The rotating electrical machine control device 32 sets the output torque command value Tmo by adding the canceling vibration torque command Tp to the base torque command value Tb so that the rotating electrical machine MG outputs the output torque Tm of the output torque command value Tmo. To control.

3-4-11. Torque vibration cancellation control behavior (without feed-forward control)
Next, the behavior of the torque vibration canceling control will be described based on the time chart shown in the example of FIG. In the example of FIG. 13, the feedforward phase controller 50 does not calculate the feedforward phase change amount αff, and the phase α of the canceling vibration torque command is set based only on the feedback phase change amount αfb. This is an example. In addition, the process of each part of the phase determination part 42 is performed synchronizing with the calculation period (DELTA) T1.

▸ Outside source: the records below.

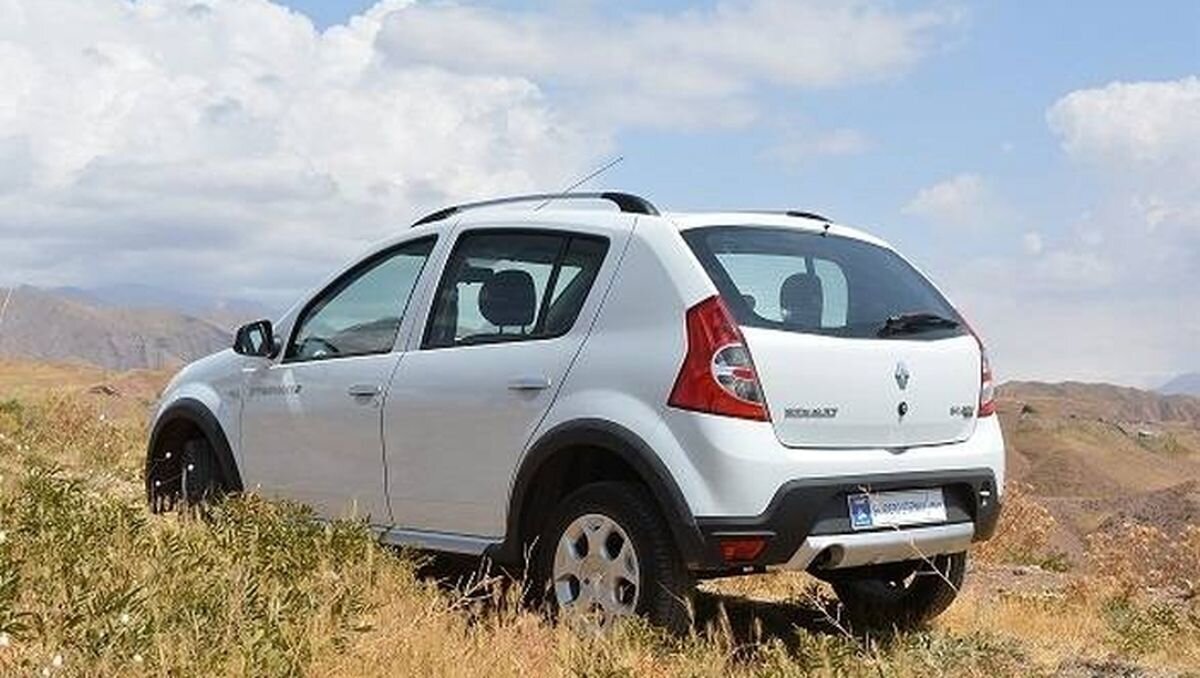 رنو ساندرو دست دوم ۸۹۰ میلیون تومان شد! رنو ساندرو دست دوم ۸۹۰ میلیون تومان شد!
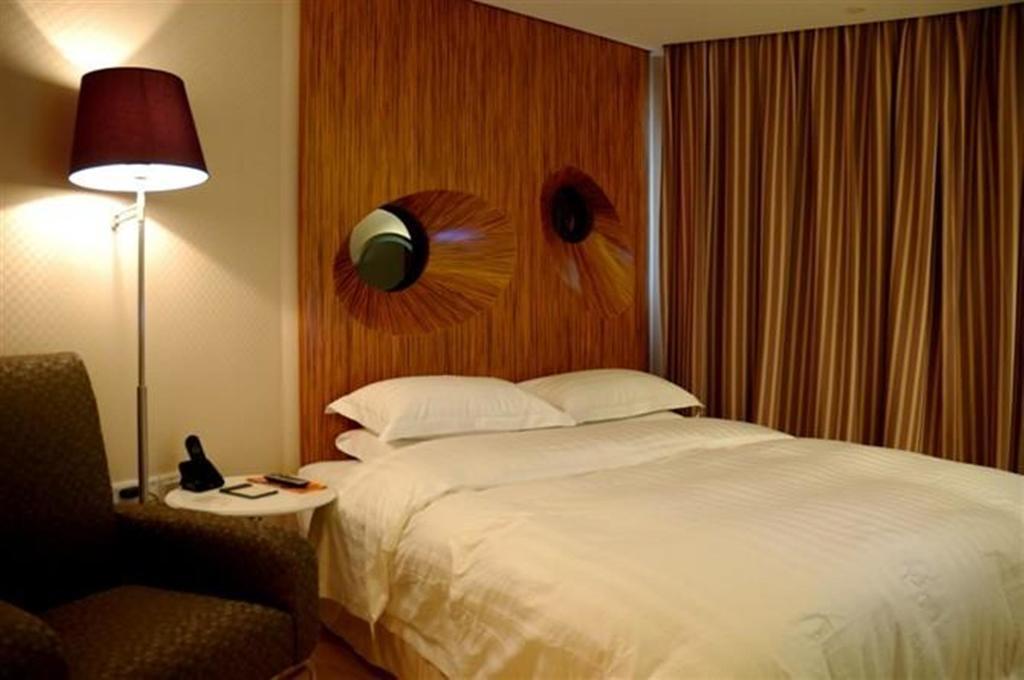 Brook Hotel Hangzhou Room photo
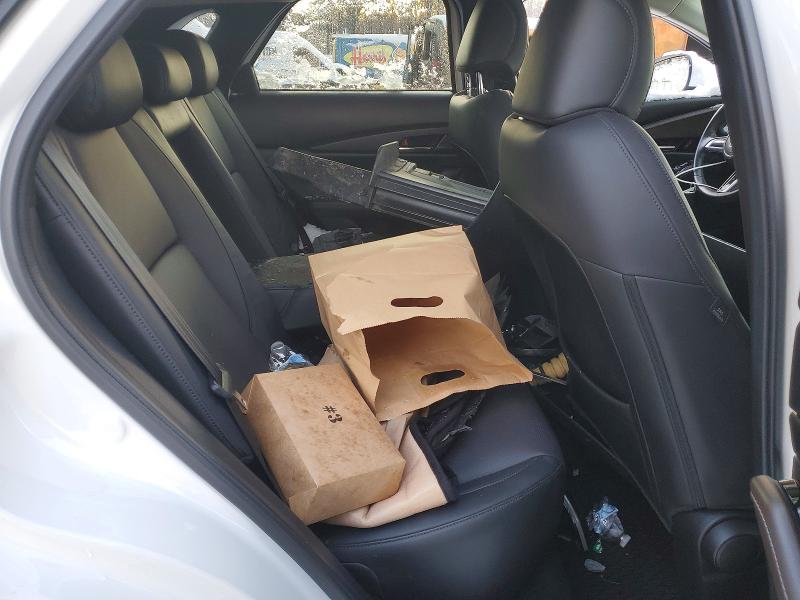 73705995 :رقم المزاد ، 3MVDMBDL9NM432384 vin ، 2022 Mazda Cx-30 مزاد بيع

  When torque vibration canceling control is started, the phase α of the canceling vibration torque command is shifted to the phase advance side with respect to π + β. Therefore, the rotational speed amplitude Δωmv is increased. Further, the phase adjustment direction is set to the phase delay direction (sign gain Ks = −1), and the phase α is changed to the phase delay direction (decrease direction). Therefore, the phase change amount dα / dt is calculated to be a negative value, and the phase α approaches π + β, so that the rotational speed amplitude Δωmv is decreased and the amplitude change amount dΔωmv / dt is also calculated to a negative value. Therefore, the phase control result dΔωmv / dα calculated by dividing the amplitude change amount dΔωmv / dt by the phase change amount dα / dt is calculated to be a positive value. Therefore, the phase adjustment direction is determined to be the phase delay direction (sign gain Ks = −1), the phase α is decreased, and the rotation speed amplitude Δωmv is also decreased.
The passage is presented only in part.